For those of you who have not been following my frustrations with American Airlines on Twitter, allow me to briefly bring you up to date.  Our daughter's wedding was this weekend. Her fiance' flew in from their new home in North Carolina, arriving Thursday morning - without his luggage. This was a one-stop flight and the bag contained not only his wedding clothes, but clothes for their honeymoon, too. He immediately filed a claim with American Airlines and was soon told that his bag had been located and was on another flight to Little Rock, scheduled to arrive later on Thursday. "We'll bring it to your location", he was told. Hours later? No bag; no contact from American Airlines.  Another call got much the same response - "your bag is on the way and we'll deliver it, no later than late  Friday morning. You're getting the picture now, right? Friday morning came - no luggage.  Now, American Airlines "customer service" people are saying that the bag somehow ended up in Atlanta (strange, considering the lone stop on the flight was in Dallas) and would be coming to Little Rock on a Delta flight. Hours later, with no sign of the luggage, more phone calls were made. This time American Airlines said they had no way to track the bag, since it was on Delta, but they promised to call Delta and get an update. Of course, that attempt ran into the same problems we encountered: no one staffs the baggage areas except for brief moments around a flight's arrival. So, American could not get in touch with Delta, or so they claimed. By now, it was obviously that the first responses that the luggage was on a flight to Little Rock were nothing more than blatant lies, designed to keep us off the phone. The next move was to try to get some type of compensation from  American, so the groom could replace at least some of his clothing. After being told to buy new clothing and bring the receipts to the local American Airlines desk, the local agent said he could authorize payment for only $200 of the $350 that was spent to replace the minimal clothing for the wedding and honeymoon.  He was told he could appeal to the company, but not to expect much in the way of a positive response.

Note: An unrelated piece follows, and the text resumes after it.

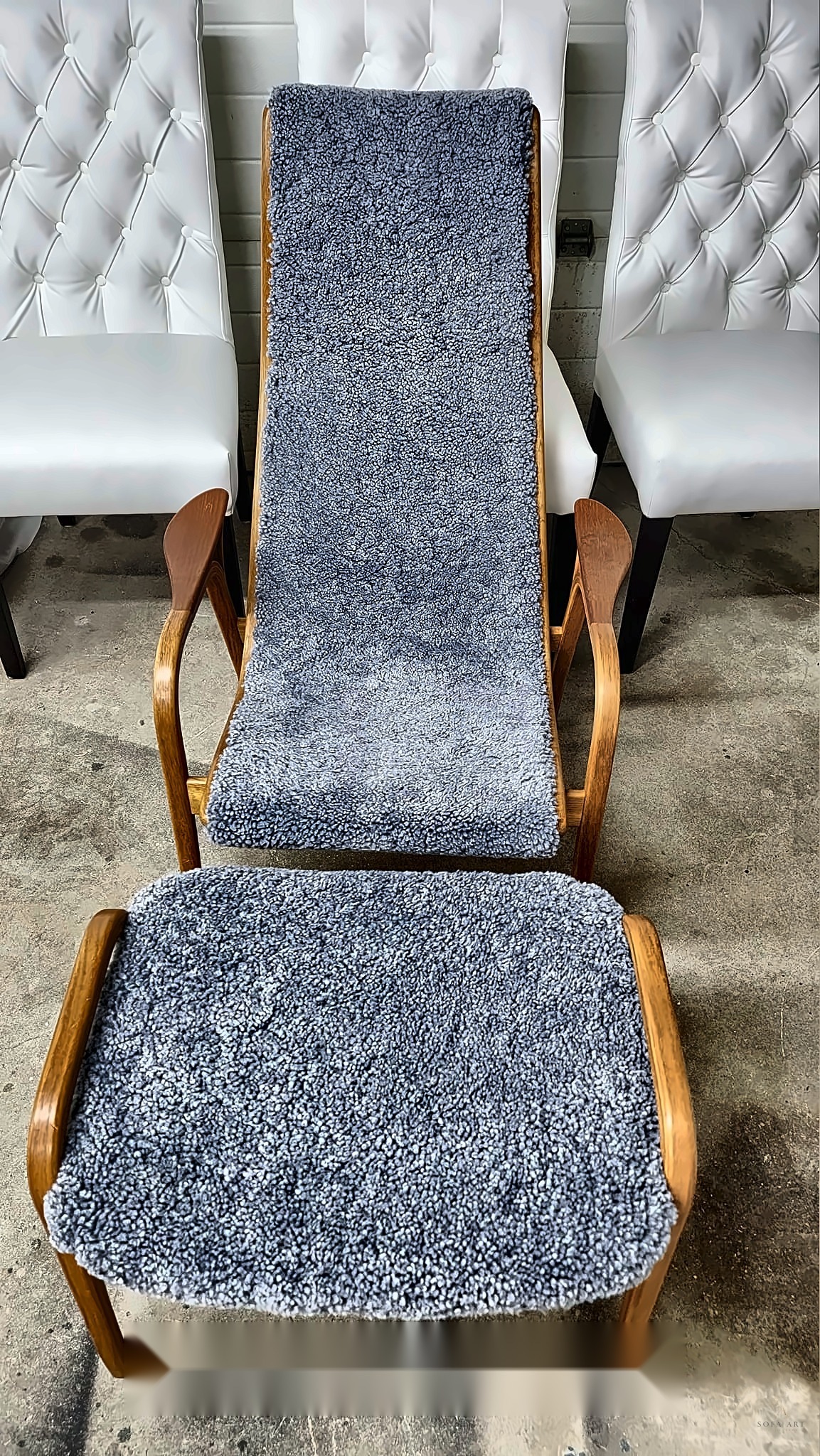 Mid-century lounge chair restored in grey boucle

If there has been one bright spot, it's that a local American Airlines employee happened to be searching through the US Airways baggage area and noticed a bag with a name he recognized from earlier communications - it was the groom's bag! When did US Airways get involved?  Nobody can answer that.  When was the bag found? AFTER the Saturday wedding. In time for the honeymoon, but still extremely frustrating.
Even more frustrating to me was a story that just happened to appear in our local newspaper this (Monday) morning; a story about how the low-cost airlines are doing a much better job of using Twitter and social networking sites to communicate with frustrated passengers than the major carriers. Particularly telling was this reference to American Airlines' philosophy: "American thinks that social media shouldn't be a replacement for existing customer service in which representatives respond to calls and e-mails from consumers".
Yessir - they respond.  With lies and bad information.  That's just a great way to run an airline. And, yes, I've tried giving them a chance to respond, directing Twitter posts to the lone account that seems moderately active.  However, most posts are promoting fares and activities in destination cities. Obviously, nobody who cares about customer service or who has any power to respond and make things right is reading.
Most of this post is personal, since our daughter's wedding and honeymoon were made more stressful by the horrid performance of American Airlines.  Some is professional. Our business, Station X, grew out of the realization that many businesses need help in managing customer service via social media. American Airlines, we need to talk. You have a problem and it's not going to get any better until you look around you and realize that you need to change.